October 9, 2019

Get to know… Maree Glynn

In this week’s Get to know: Q&A with… we catch up with Maree Glynn, Director of Clinical Practice Improvement.

Get to know Maree:

What’s your coffee order?

I actually don’t drink coffee!

Tell us about your Northern Health journey?

It would be hard to say that I am not totally committed to Northern Health. I have spent 40 years of my working life at either PANCH or Northern Health. I love the talent and the, “can do,” attitude of the staff and the commitment they have in making it better for people in the north.

Prior to commencing at Northern Health, I was on the project team for The Northern Hospital Development, which planned and managed the development and construction of Northern Hospital, the logistical move of PANCH to Epping and commissioning of a new facility. At the same time, I had divisional responsibility for Allied Health, Pastoral Care, Interpreter Services and the Private Consulting Rooms.

What is your greatest achievement or favourite memory since working here?

The move occurred in February 1998, and one of my great memories was to be able to finish the last services at PANCH at 8 am and open at the same time at Epping with a relatively smooth transition. An amazing achievement for all involved. One of my special memories of this great achievement was walking through, “a hospital with no patients,” the night before we opened and knowing that we were ready to go.

I also remember the first day in the Emergency Department when a patient went and got their own deck chair out of their car because there were not enough seats in the waiting room. Our popularity has not changed! I have loved seeing the challenges Northern Health has faced in this ever growing environment and how we have responded to these.

Can you tell us a bit about your career before starting at Northern?

My clinical background is emergency nursing, and one of my career highlights was in my first Nurse Unit Manager role to establish one of the first private Emergency Departments in Melbourne at Epworth Hospital. My greatest learning from this experience was the importance of having a clear vision, establishing a strong cohesive team to deliver the vision and never compromising on the need to build a service on a strong foundation, followed by a dedicated effort for sustainability. This has been my mantra for all my working life.

What does a typical work day look for you?

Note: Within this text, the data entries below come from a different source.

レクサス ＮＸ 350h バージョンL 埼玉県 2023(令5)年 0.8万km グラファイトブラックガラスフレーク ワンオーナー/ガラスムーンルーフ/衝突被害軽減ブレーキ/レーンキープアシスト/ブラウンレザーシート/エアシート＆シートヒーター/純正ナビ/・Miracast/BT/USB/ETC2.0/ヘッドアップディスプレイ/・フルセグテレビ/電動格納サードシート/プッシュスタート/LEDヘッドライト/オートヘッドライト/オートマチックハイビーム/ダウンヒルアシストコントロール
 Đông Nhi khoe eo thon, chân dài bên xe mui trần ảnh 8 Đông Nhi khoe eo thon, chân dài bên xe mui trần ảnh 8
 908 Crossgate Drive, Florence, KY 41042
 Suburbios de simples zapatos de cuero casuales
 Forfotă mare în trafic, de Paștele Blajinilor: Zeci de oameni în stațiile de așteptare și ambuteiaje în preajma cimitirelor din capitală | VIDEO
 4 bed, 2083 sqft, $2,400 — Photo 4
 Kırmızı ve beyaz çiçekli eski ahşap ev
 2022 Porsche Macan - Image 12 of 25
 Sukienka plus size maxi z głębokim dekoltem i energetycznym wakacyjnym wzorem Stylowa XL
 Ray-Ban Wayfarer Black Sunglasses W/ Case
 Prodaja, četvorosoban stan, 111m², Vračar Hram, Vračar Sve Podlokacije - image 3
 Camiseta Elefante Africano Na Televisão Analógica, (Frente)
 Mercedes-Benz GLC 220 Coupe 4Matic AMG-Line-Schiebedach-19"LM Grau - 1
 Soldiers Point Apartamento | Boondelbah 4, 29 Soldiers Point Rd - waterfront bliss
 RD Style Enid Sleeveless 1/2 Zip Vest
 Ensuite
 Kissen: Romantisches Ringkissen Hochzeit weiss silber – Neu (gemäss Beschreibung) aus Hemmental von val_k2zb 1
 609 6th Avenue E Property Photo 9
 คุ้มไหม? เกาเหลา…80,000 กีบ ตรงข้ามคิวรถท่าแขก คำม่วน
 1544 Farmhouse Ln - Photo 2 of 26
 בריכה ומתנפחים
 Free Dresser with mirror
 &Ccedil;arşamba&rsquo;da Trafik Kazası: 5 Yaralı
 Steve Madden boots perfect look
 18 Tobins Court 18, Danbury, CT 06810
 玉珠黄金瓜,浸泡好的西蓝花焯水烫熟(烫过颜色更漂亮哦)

I now have a very challenging role as Director of Clinical Practice Improvement with the responsibility of ensuring that Northern Health meets all the requirements of The National Standards for Safety and Quality and that we are prepared for Accreditation assessments. I am proud that we had a very successful outcome at our last Accreditation survey in 2017 with no recommendations for follow up. Our next Accreditation assessment is in May 2020.

In preparation for this, we are having a Mock Survey from October 15 to 18 to check our preparedness against the second edition of the National Standards.

My vision for the role is not to talk about Accreditation, but to talk about quality care as everyday business. But the reality is in our very busy working days it has become important to have a time when we bring a focused attention to knowing that we are meeting the required standards in the way we do our work.

What are some things people don’t know about you?

My passion is football and I have barracked for Geelong all my life. I think it is a great medium for conversation and banter at work across all levels of the workforce. Like work, even with great effort as a team, we don’t always get the outcomes we want, so we just need to recharge and start again – always with new energy and hope.

What do you like to do after work?

My absolute joy at the end of a busy day is to arrive at home and be greeted at the door by my beautiful cavoodle, Winnie the Pooch, and have a home cooked meal prepared by my supportive husband.

How would you describe Northern Health in one sentence?

There is a YouTube video that reminds me of the roller coaster that we are on at Northern – the faster we go the harder it is to keep up. Some of you will be far too young to know who Lucille Ball is, but take time to watch the video below – it will make you smile. It gives me back my sense of humour – enjoy the ride!

Who would you nominate next for a staff profile and why?

I worked with Dr Kim Jeffs who is a Geriatrician and an expert in delirium when she was a registrar and I was in Medicine. Kim has been instrumental in helping us implement some of the requirements for comprehensive care in the new standards and I would like to nominate her for the next Q&A profile.